» **Dataset excerpt**
————

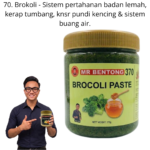 370. Pes Brokoli Mr Bentong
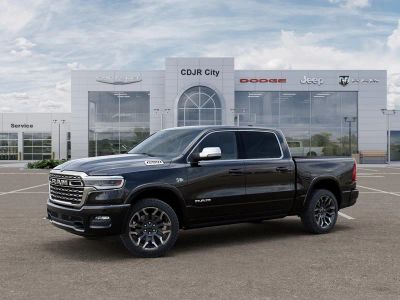 2026 RAM Ram 1500 — side profile view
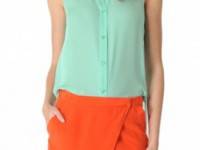 Jenni Kayne Sleeveless Blouse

————

» **Exercise instructions**
From the line that contains "2026 RAM Ram 1500 — side profile view" to the end of the material above, output every line exactly, both ends included, but leave out any pictures.

» **Response to the task**
 2026 RAM Ram 1500 — side profile view
 Jenni Kayne Sleeveless Blouse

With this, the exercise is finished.